Intanto proviamo a riflettere: comunichiamo più a parole o per iscritto?
A guardare la mole impressionante dei messaggi che circolano con la messaggistica istantanea, sembra che prevalga la scrittura.
Ma in realtà scriviamo come parliamo, senza troppo badare a errori lessicali o grammaticali.
Poi però, per quanto riguarda il significato di un messaggio, la sua coloritura emotiva e affettiva, non avendo modo di trasmettere l’intonazione vocale né l’espressione fisica di quello che diciamo, abbiamo introdotto le emoticon, che dovrebbero aiutarci.
Ma è davvero così? Anche qui è complicato rispondere.
Prima perché nulla ha mai un solo una «faccina» ovvero un’unica espressione e poi perché le emozioni, che sono tante, forse infinite, hanno un suono, una intonazione, un corpo fisico e un volto.
Se online questo viene a mancare va perso il colore di quello che diciamo e le nostre relazioni diventano sbiadite e più povere.
Forse una fatica in più per i rapporti umani nonostante la diffusione e la frequentazione di quelle piazze virtuali dove ci incontriamo in ogni momento del giorno e dove condividiamo tutto a suon faccine.

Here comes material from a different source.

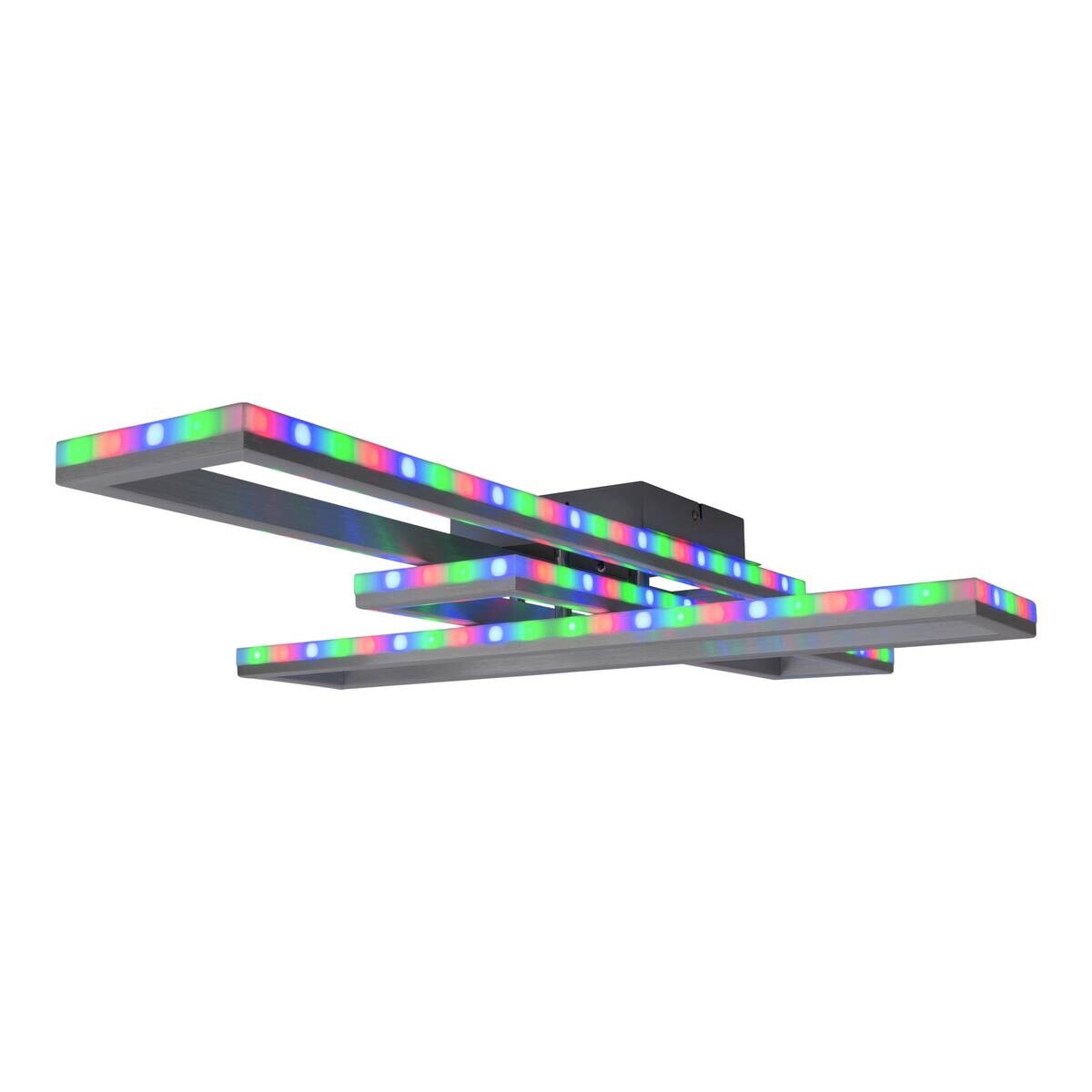 Näve Leuchten Deckenleuchte 1403060 Alu Kunststoff Metall B/H/T: ca. 60x11x95 cm null 6 Brennstellen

Ci siamo addirittura inventati la «Giornata Mondiale delle emoticon», promossa dall’ONU per il 17 luglio, e non so se questa sia una giornata di festeggiamenti.
Anche perché quando, per lavoro, incontro a scuola bambini e ragazzi e chiedo loro cosa provano se navigando si imbattono in scene o notizie positive e negative, trovo una grossa fetta di loro che non sa come esprimere quello che prova.
In sostanza sono analfabeti cioè incapaci di dire con le parole un dolore o un godimento, una sofferenza o un piacere.
Magari preferirebbero usare le emoji, ma se ne stanno in silenzio.
Ammutoliti, sembrano incapaci di riferire quello che sentono. viceversa, senza accorgersene, capita che mettano in atto le emozioni e le agiscano con comportamenti sia virtuali che reali. E questo riguarda i teenager come gli adulti.
Alcune ricerche dimostrano che la lettura di post con parole negative o positive può influenzare in maniera significativa il comportamento.
Uno studio della Cornell University sostiene che fatti o lamentele, eventi o emozioni negative pubblicate sulla bacheca dei contatti virtuali scatenano reazioni contagiose e l’esposizione anche solo passiva può cambiare l’umore e condizionarlo per giorni.
Forse una ragione in più per riflettere e educare noi stessi ma anche i minori all’utilizzo attento dei social.